I’m grateful the fields are cut down. Next time it stopps raining and gets dry enough it’s time for rototilling. I’m grateful I prepared the seedlings for planting today. The perfect work on a rainy monday.
TMI & rant hidden
I’m grateful for HALT. When I feel exhausted and tired after heavy work there’s always this longing for chats & beer & schnitzel. How many lovely, funny evenings did we all spend together in the last decades. today the chats are on the phone or by text instead of sitting together at our favourite inns, they have been closed long ago, the last ones during the lockdowns to never reopen. no more schnitzel, i don’t even know where to find a really good one, not this frozen, deep fried pre-processed crap you get if they have it on the menu. and beer never was an option when driving which now is always because living rural means car for everything. i am fucking pissed today and want my downtown flat, my inns and the get togethers with my friends back. I’m grateful this määäähhh mimimi will pass when the feeling of satiety sets in. I’m grateful I had good times I miss and friends who are still there. And also miss a good schnitzel!

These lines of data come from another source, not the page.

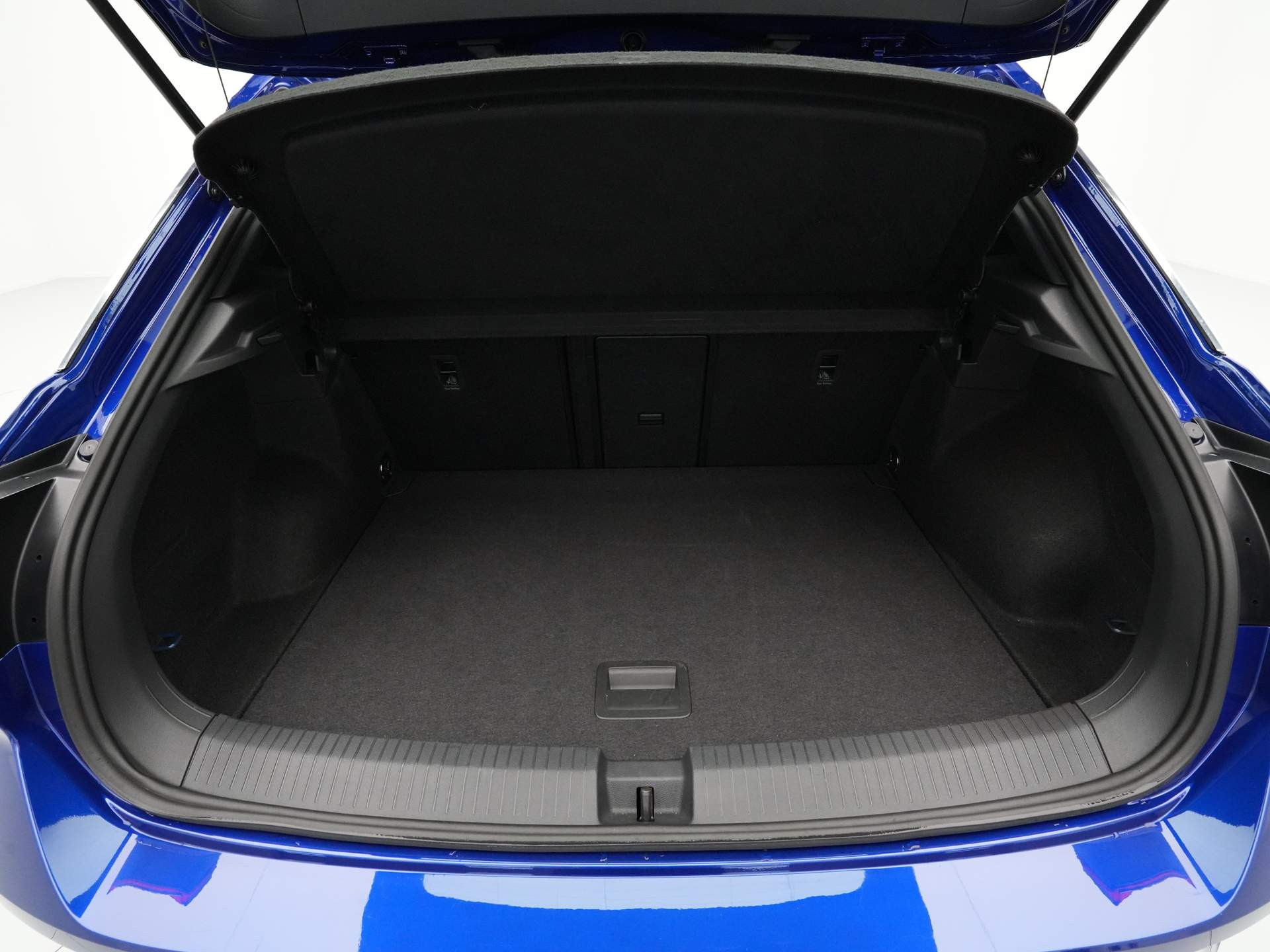 Volkswagen - T-Roc 1.5 TSI 150pk DSG R-Line - 2024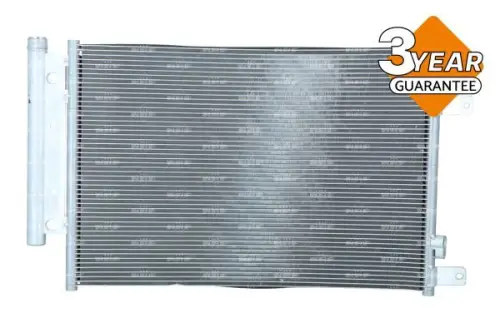 SKRAPLACZ KLIMATYZACJI BYD SEAL 0.0 22- NRF 350751)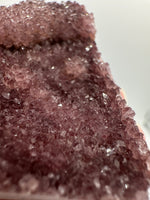 Amethyst from Alacam Mine, Turkey #27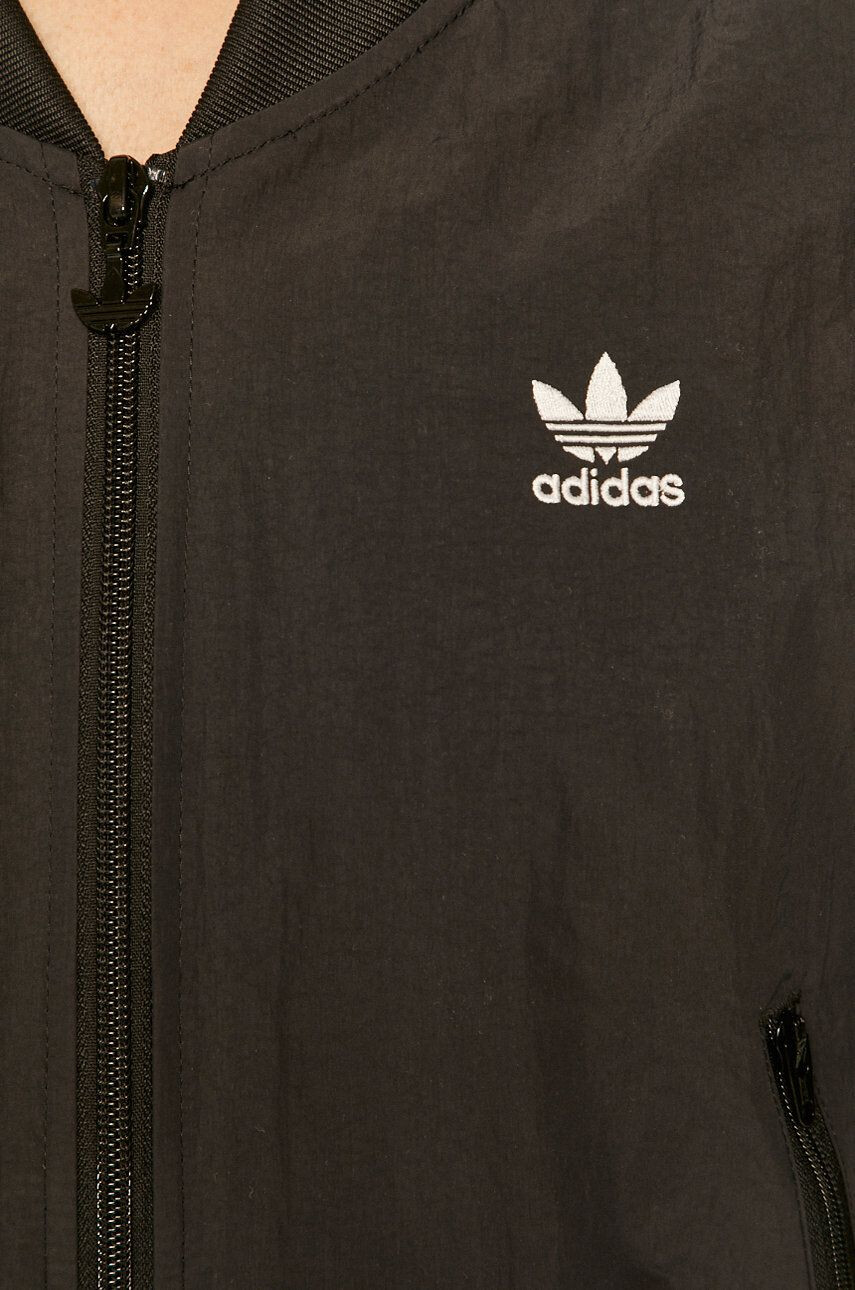 adidas Originals Mikina pánska s nášivkou - Pepit.sk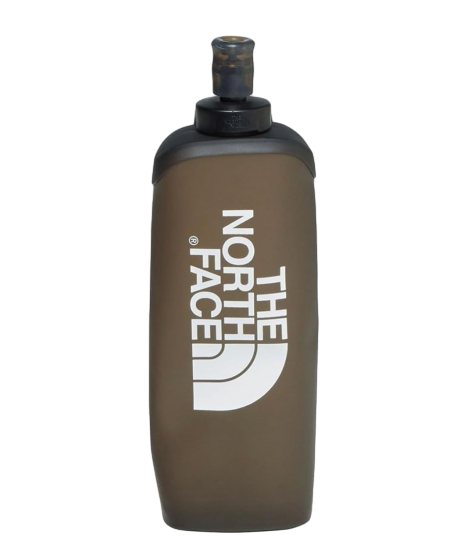 러닝 소프트 플라스크 500ml 경량 수납형 물병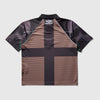 Slam Jam Cult Unity Check Polo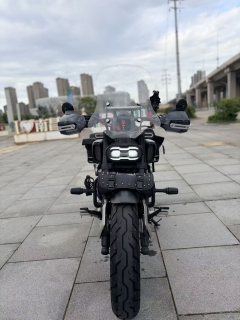 Voge CU525 500 cc - фото 7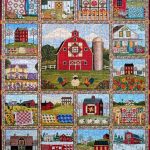 puzzle - Quilt Country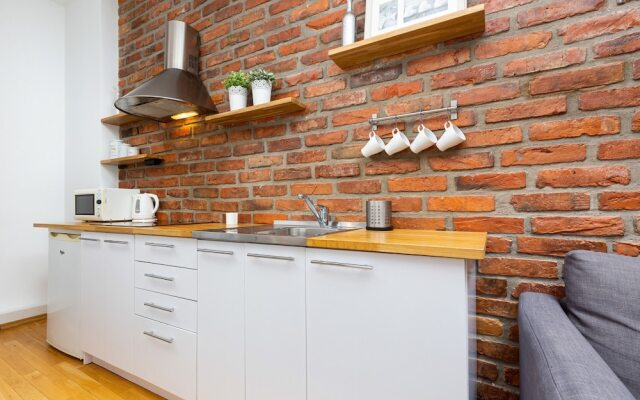 Poznańska Apartment Śródmieście Warsaw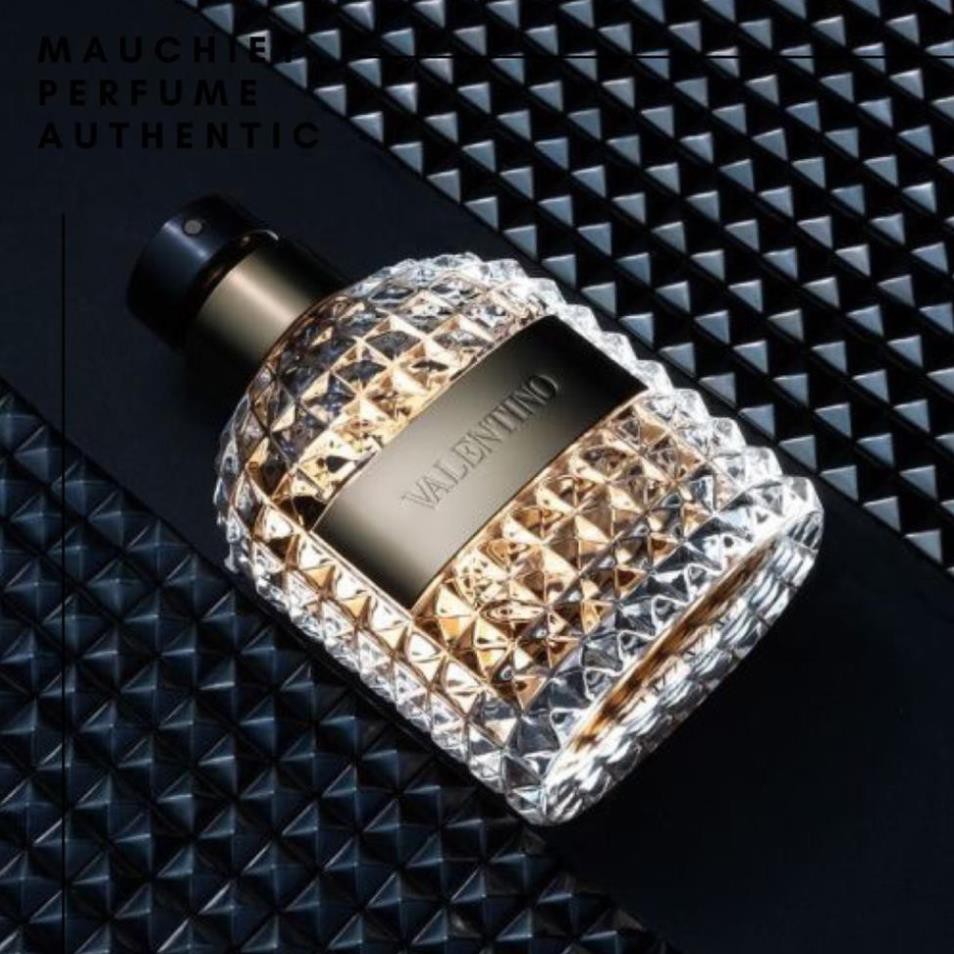 Nước hoa  Valentino Uom 100ml, Nước hoa thơm lâu sang trọng | Thế Giới Skin Care
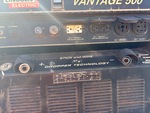 Control Station with 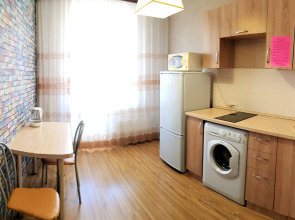 Апартаменты в самом центре города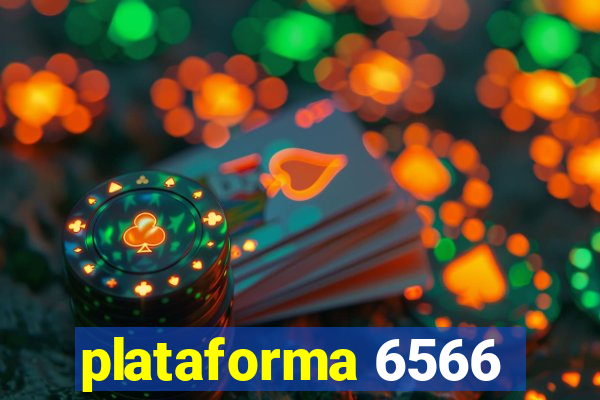 plataforma 6566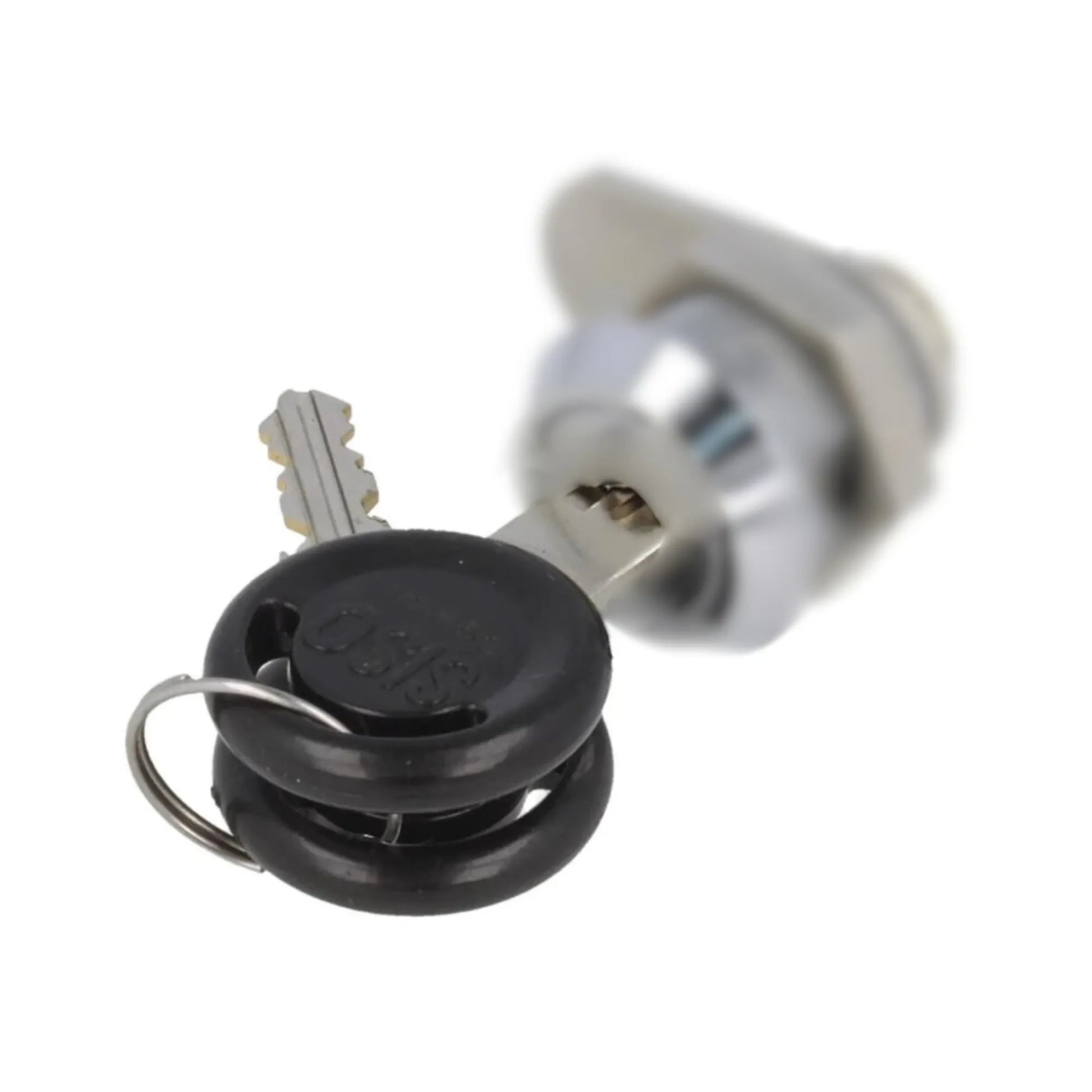 Schlüssel für Riegelschloss 19x16mm Identische Schlüssel Version – Furnica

I’m grateful the old boy is dreaming behind my back, I can feel him move and hear him snore a bit. I’m grateful no errands today, only home time. I’m grateful the chewing and thinking how to tackle some tasks might lead to a good solution. I had some pretty practical pictures in my mind today. After brooding over it for weeks? months? I’m grateful brain functions and comes up with useful stuff. I realize step by step how ennervating, draining and half life has been for years. I’m grateful I took and still take my time to build up a nice, good, comfy life. I’m grumpy and not grateful it takes ages. I’m short of patience these days and right now I try to ease it with gratitude but that doesn’t work too well. At least I find tons to be grateful for …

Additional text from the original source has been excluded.